Without professional leagues, they might have turned to coaching. They might have retired. They certainly wouldn’t be in the national team player pool. And even if they had continued playing overseas, that becomes difficult to monitor, especially since FIFA restricts when teams can request their players come back for national team camps.
“I think you see a lot of countries are taking steps forward in terms of development,” said Osborne. “I don’t know if we’re taking those steps.”
That’s one reason the USSF is willing to help make it happen, despite cautioning that discussions are still in the early stages.
The idea is not just to discover talent. The idea is to foster a development system that keeps the US atop women’s soccer, even as strides have been made by countries such as Japan and France.
“That’s the only way that the US can remain on top is if we grow it from the ground up in America, not going overseas and hoping for the best in America,” said former national team player Cat Whitehill. “I think it’s a huge concern. I think the gap is already closing.”
So, don’t expect trumpets. The next league might just show up quietly.

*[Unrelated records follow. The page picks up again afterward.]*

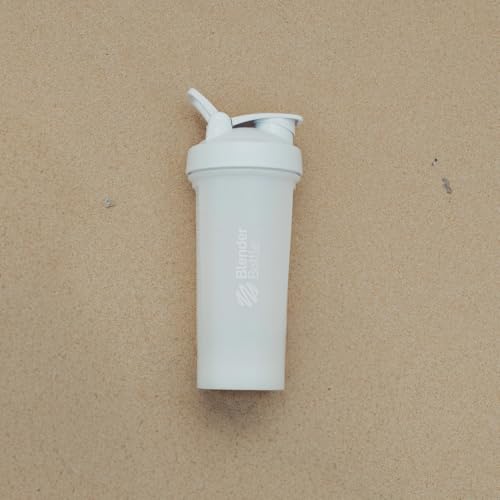 BlenderBottle Classic V2 Shaker Bottle Perfect for Protein Shakes and Pre Workout, 32-Ounce, White by BlenderBottle - Image 6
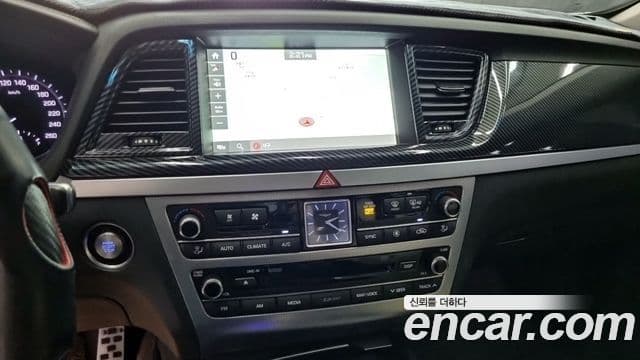 Genesis G80 Premium Luxury, 2018 15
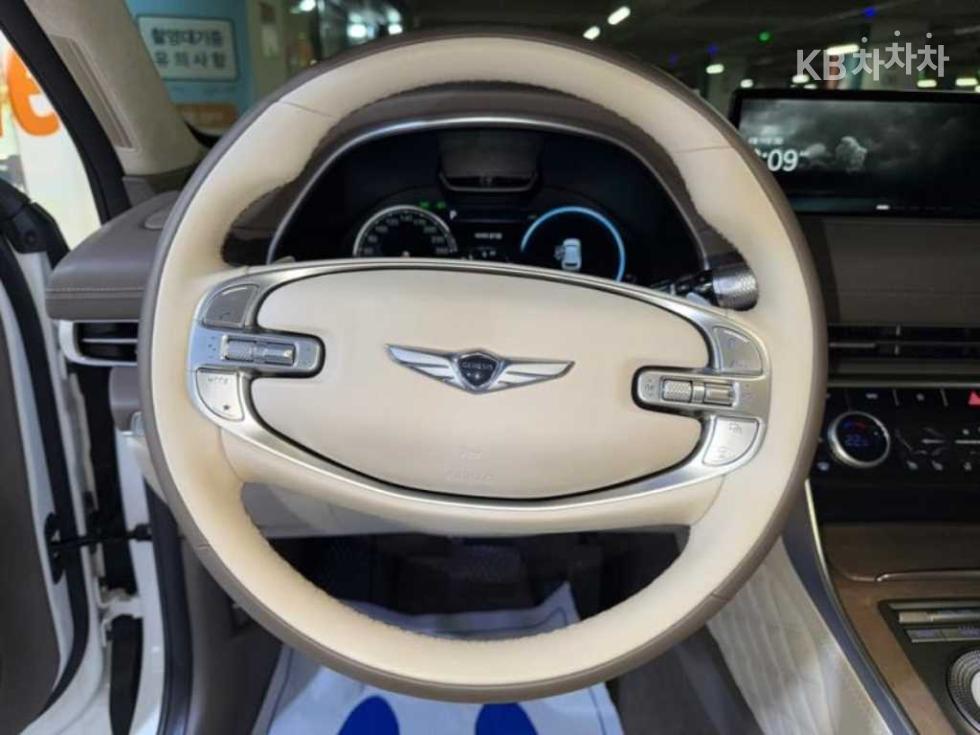 2022 Genesis GV80 photo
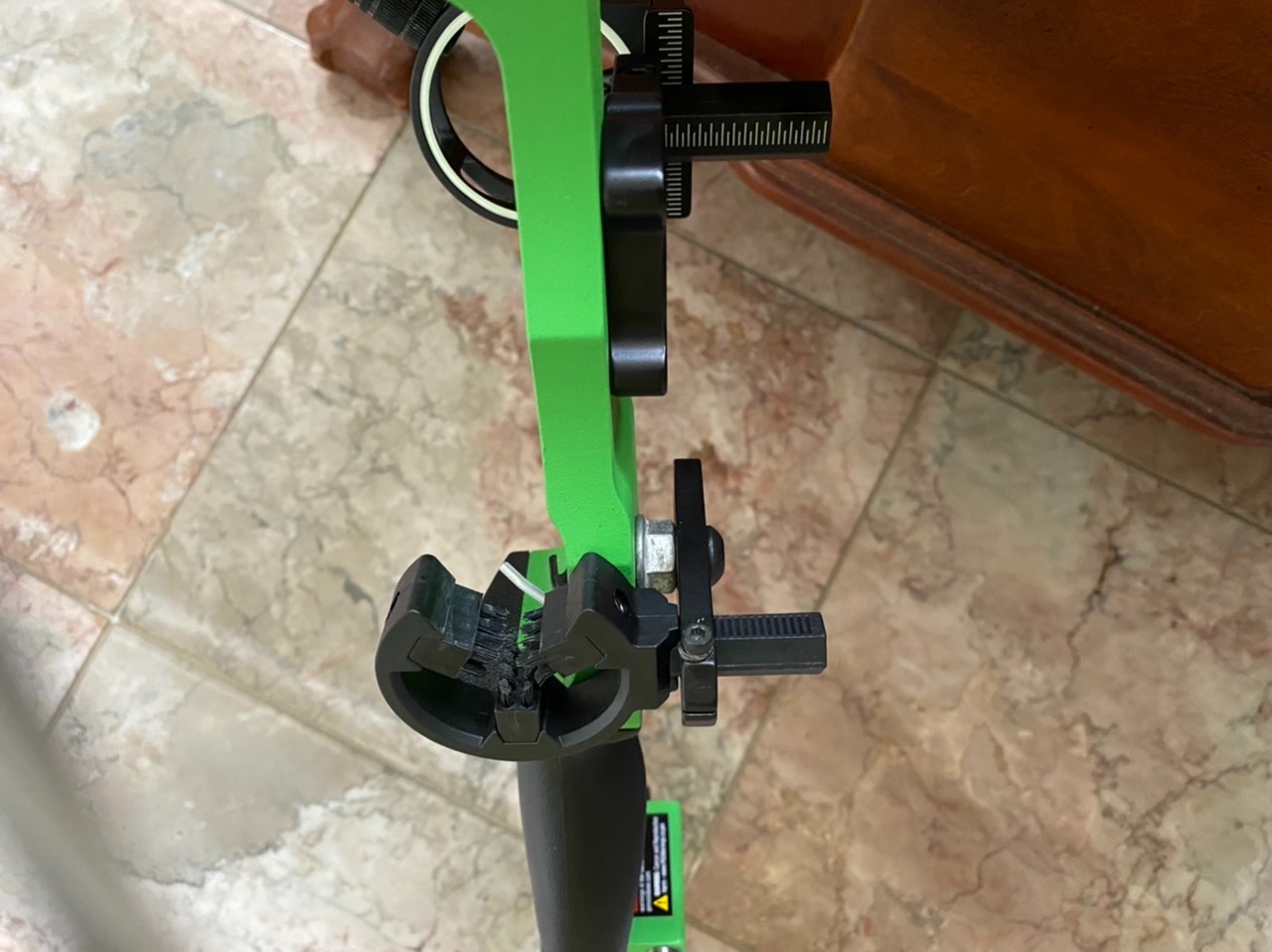 Genesis Archery Original Lightweight Compound Bow with Adjustable Aluminum Riser, 15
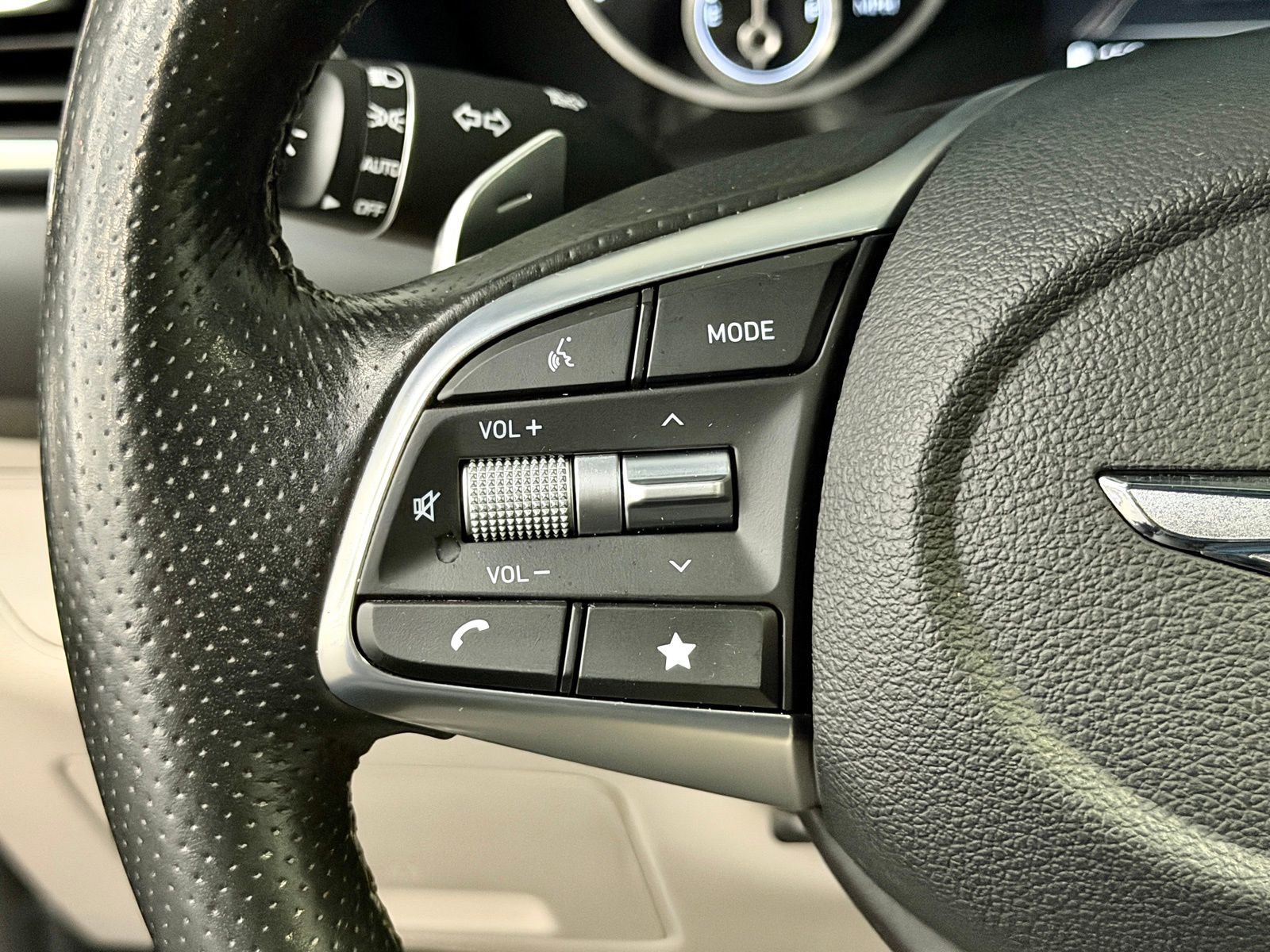 Used 2023 Genesis G70 2.0T AWD/4WD image 25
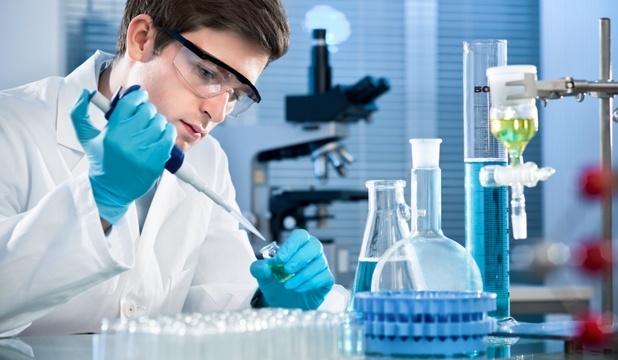 Un VIRUS LETAL a dispărut din laborator: FBI-ul a preluat cazul! - lab-1369043275.jpg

But at that level, will the biggest names want to be a part of it? Will the stars of the national team risk their health and careers for such low salaries?
“I’ve been talking with US national team players and I think there’s a lot of them that want to stay and play,’’ Cole said. “I think that for players on the national team, maybe the money can’t be their No. 1 concern.”
That’s something the new league will have to sell to veterans and rookies alike, that the league can grow and gradually increase its presence, budgets, and salaries. If they don’t, though, can a league survive without them?
“I believe we all think we can,” Stoller said. “Will we have every single star in the galaxy? Absolutely not.”
But they’ll have a competitive league, something that many of those overseas leagues haven’t been able to match.
For now, there is faith that they can find the balance that will allow a league to survive beyond three years. There is faith that they can attract talent, and that talent can attract fans.
“What we’re hearing from players is you’re finally doing it the right way,” Stoller said. “We’d like to make a hell of a lot more money, but this is about the game and this is about making this a league that will be here in five years and 10 years and 20 years.”